Diceware Passphrase Generator

Cryptographically random passphrases made of short English words. Pick a count, set the casing and extras, get a strong passphrase you can actually memorise. Live in your browser, nothing uploaded.

3–10 · 6 = 62 bits
How does Diceware work?

Diceware generates passphrases by drawing words at random from a fixed word list. With 1,296 short English words in the EFF list, each word contributes log2(1296) ≈ 10.34 bits of entropy. Six random words therefore give ≈ 62 bits — far stronger than any human-chosen password and easier to type.
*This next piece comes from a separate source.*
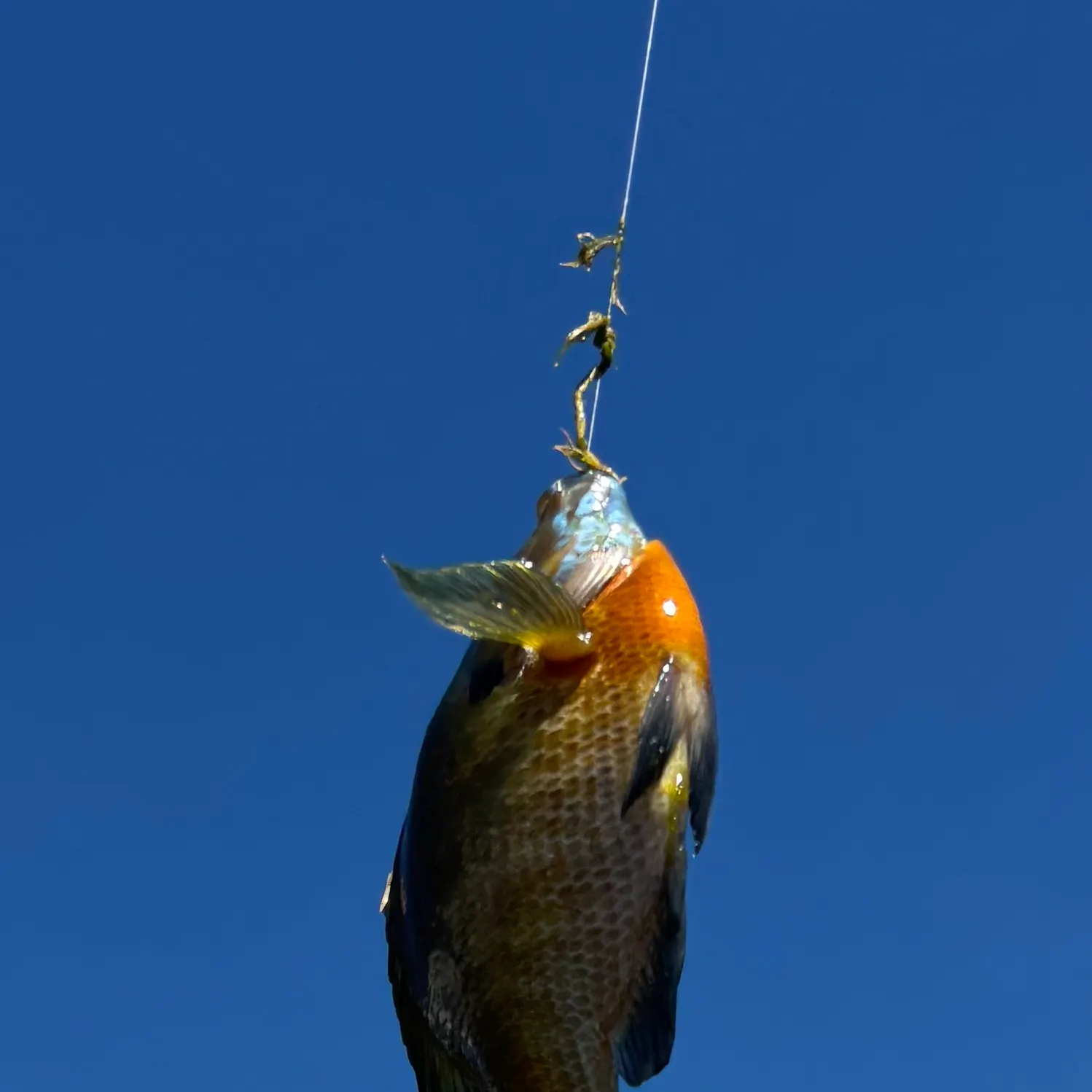 Bluegill caught on Fishbrain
Randomness comes from crypto.getRandomValues() with rejection sampling so the distribution over the word list is exactly uniform. The Diceware technique was published by Arnold Reinhold in 1995; the EFF short list we use is the canonical 2016 EFF word list (public domain).

Strength tiers (rough guidance): < 28 bits = very weak; < 36 = weak; < 60 = fair; < 80 = strong; < 128 = very strong; ≥ 128 = excellent.

One quirk: the EFF short list contains a single 4-character word with a hyphen, yo-yo. If you pick a hyphen separator you may occasionally see a doubled hyphen where this word lands at a boundary — just regenerate if it bothers you.